Halaman:Buku peringatan 30 tahun kesatuan pergerakan wanita Indonesia.pdf/142

Halaman ini tervalidasi

 Parki (Partai Kebangsaan Indonesia) jakin akan besar faedahnja persatuan para wanita jang insjaf. Kami senantiasa dapat bantuan lahir dan bathin dari Organissi Wanita jang berdiri disamping kami, jaitu Parkiwa ( Partai Kebangsaan Indonesia bg. Wanita) jang berideologi sama dengan kami dan bersatu dengan kami.
 Berkat bekerdja sama jang erat antara Parki dan Parkiwa, kami dapat menginsjafi betul-betul betapa pentingnja tenaga Wanita didalam bekerdja untuk kepartaian dan kepentingan Masjarakat. Moga mogag kesatuan pergerakan wanita jang telah se perempat abad usianja akan selandjutnja mengerahkan tenaga Wanita ini untuk kemuliaan Nusa dan Bangsa. Persatuan tenaga Wanita jang menurut kejakinan kami akan membawa hasil baik bagi Negara kita jang sekarang sedang mengalami serba kekurangan dan kesulitan.
 Marilah kita, Wanita dan Prija, bersama-sama bekerdja, bahu-membahu untuk menghindarkan segala rintangan jang menghalang-halangi kesedjahteraan dan kebahagiaan Bangsa kita!

Bandung, 9-11-1953.

SEPATAH KATA SAMBUTAN BERKENAAN DENGAN PERINGATAN SEPEREMPAT ABAD KESATUAN PERGERAKAN WANITA INDONESIA.

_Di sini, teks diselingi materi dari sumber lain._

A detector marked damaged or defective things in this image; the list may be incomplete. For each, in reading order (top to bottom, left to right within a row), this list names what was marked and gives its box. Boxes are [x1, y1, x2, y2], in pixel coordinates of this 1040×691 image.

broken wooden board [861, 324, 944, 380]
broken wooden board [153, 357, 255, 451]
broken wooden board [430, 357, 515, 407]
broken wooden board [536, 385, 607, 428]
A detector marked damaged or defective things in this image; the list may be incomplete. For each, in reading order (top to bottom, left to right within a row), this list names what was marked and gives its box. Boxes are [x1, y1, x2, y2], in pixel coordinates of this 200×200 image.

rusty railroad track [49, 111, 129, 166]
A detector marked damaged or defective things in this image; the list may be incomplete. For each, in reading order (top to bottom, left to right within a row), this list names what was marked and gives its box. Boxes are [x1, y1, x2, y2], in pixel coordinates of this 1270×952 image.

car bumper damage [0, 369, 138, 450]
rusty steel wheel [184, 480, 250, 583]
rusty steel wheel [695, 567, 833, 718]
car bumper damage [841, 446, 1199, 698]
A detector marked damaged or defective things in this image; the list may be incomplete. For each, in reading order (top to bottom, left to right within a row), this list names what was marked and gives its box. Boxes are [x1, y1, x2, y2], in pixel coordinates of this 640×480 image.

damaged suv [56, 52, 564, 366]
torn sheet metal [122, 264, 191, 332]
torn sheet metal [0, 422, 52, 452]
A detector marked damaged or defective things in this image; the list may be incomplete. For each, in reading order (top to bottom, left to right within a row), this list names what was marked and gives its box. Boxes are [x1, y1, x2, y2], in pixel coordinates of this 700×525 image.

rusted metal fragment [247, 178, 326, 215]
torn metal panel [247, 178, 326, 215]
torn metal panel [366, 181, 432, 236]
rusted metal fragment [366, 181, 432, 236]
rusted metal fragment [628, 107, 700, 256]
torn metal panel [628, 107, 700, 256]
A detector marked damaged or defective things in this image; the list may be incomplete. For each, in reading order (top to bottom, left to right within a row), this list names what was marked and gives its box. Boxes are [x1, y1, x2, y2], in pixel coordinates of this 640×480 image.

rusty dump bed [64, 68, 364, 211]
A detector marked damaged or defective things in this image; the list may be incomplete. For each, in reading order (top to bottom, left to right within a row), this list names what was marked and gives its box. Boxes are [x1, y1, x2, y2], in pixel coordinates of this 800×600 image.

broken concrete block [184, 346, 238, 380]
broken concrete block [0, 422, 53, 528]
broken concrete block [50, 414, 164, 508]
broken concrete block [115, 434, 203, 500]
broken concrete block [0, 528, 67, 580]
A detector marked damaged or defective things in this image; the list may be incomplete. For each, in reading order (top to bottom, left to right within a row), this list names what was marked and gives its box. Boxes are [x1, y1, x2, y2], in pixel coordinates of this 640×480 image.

 Djika benar pendapat orang bahwa perdjuangan wanita itu pada umumnja melalui tiga tingkatan masa, jaitu masa perdjuangan untuk laki-laki, ter hadap laki-laki dan dengan laki-laki , maka selama seperempat abad pergerakan wanita Indonesia ini tidaklah begitu nampak tingkatan perdjuangan jang pertama dan jang kedua. Jang nampak benar selama ini ialah perdjuangan tingkatan ketiga, jaitu perdjuangan wanita bersama-sama dengan kaum laki-laki. Hampir disegala lapangan kaum wanita Indonesia bekerdja bersama-sama dengan kaum laki-laki untuk membangun bangsa dan menegakkan negara jang merdeka. Sampai-sampai dalam lapangan perdjuangan bersendjata kaum wanita tidak ketinggalan dengan kaum laki-laki dalam mempertahankan kemerdekaan negaranja. Dan sebagai hasil perdjuangan bersama laki-laki ini maka wanita Indonesia sekarang politis memperoleh kedudukan jang tidak kalah dengan kedudukan wanita dinegeri modern jang manapun djuga, bahkan mungkin mendjadikan iri-hati bagi wanita dibanjak negeri. Wanita Indonesia mempunjai hak pilih aktif dan pasif jang sama dengan kaum laki-laki. Tidak ada suatu kedudukan jang penting dalam pemerintahan Indonesia jang tidak djuga terbuka bagi kaum wanita, sehingga dari sedjak kemerdekaan Indonesia kaum wanitanjapun dapat ikut mengemudikan negara dengan menduduki djabatan-djabatan jang penting sebagai menteri, anggauta Parlemen atau Dewan Pertimbangan Agung.
 Akan tetapi dengan semua ini belumlah berarti bahwa kedudukan wanita Indonesia sekarang ini telah begitu sempurna. Kedudukan wanita Indonesia dalam politik jang telah begitu sempurna itu

djauh belum seimbang dengan kedudukan sosial. Terutama dalam lapangan hukum perkawinan masih perlu diperdjuangkan hak-hak wanita jang sangat mutlak bagi kedudukan wanita jang lajak, padahal disini banjaklah tersangkut soal- soal nasional jang penting jang pasti tidak kurang pentingnja dari pada kedudukan wanita jang sama dengan kedudukan kaum laki-laki dalam politik. Dan memang dalam masa seperempat abad jang telah lalu ini rupanja belum banjaklah usaha ke arah ini. Maka mudah-mudahan dalam masa jang akan datang ini usaha wanita dalam hal ini akan memperoleh hasil-hasil jang baik.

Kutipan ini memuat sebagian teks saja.